WHAT YOU HAVE TO DO: Find and copy every line in the records that includes the string "photo".

THE DATA:
-------------------------

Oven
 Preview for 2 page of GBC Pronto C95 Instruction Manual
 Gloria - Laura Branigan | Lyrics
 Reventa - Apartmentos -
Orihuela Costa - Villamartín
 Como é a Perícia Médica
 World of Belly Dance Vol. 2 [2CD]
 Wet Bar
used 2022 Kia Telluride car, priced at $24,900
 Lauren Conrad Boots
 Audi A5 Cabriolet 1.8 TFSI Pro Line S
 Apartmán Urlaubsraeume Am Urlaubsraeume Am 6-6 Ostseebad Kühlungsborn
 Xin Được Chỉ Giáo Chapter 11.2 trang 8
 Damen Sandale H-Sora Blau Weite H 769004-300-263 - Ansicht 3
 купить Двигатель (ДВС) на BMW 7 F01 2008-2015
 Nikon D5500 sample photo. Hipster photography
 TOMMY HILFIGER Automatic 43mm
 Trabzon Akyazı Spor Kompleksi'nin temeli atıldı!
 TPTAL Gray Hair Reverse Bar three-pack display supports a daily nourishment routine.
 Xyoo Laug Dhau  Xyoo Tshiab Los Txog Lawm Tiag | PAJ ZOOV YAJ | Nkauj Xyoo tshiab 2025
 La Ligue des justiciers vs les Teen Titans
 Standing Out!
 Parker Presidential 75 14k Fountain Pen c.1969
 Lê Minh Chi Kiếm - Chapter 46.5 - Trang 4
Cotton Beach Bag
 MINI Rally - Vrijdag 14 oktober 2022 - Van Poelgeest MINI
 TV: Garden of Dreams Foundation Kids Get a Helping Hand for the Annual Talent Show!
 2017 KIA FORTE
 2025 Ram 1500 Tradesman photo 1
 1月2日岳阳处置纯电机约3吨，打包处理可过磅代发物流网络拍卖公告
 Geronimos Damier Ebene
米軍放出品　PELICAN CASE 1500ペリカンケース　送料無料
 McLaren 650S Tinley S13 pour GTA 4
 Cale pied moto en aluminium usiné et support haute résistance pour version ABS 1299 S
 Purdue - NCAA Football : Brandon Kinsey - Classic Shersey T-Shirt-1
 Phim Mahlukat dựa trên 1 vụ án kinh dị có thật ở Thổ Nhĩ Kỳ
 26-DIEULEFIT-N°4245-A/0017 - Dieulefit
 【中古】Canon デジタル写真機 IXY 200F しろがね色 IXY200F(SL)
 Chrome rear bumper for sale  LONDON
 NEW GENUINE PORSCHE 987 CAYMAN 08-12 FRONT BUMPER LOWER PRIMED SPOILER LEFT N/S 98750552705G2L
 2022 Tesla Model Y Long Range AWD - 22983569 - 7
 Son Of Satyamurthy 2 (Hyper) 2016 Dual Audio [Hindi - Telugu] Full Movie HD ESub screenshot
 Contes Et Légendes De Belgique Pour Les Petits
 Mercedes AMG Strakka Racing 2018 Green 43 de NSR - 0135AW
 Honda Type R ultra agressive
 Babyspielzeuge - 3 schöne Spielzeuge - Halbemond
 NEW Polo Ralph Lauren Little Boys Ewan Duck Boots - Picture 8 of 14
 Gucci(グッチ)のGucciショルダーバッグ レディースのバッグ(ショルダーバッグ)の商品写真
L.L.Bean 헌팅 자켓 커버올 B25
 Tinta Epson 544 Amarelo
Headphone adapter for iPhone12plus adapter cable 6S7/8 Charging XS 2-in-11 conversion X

-------------------------

RESPONSE TO THIS EXERCISE:
 Nikon D5500 sample photo. Hipster photography
 2025 Ram 1500 Tradesman photo 1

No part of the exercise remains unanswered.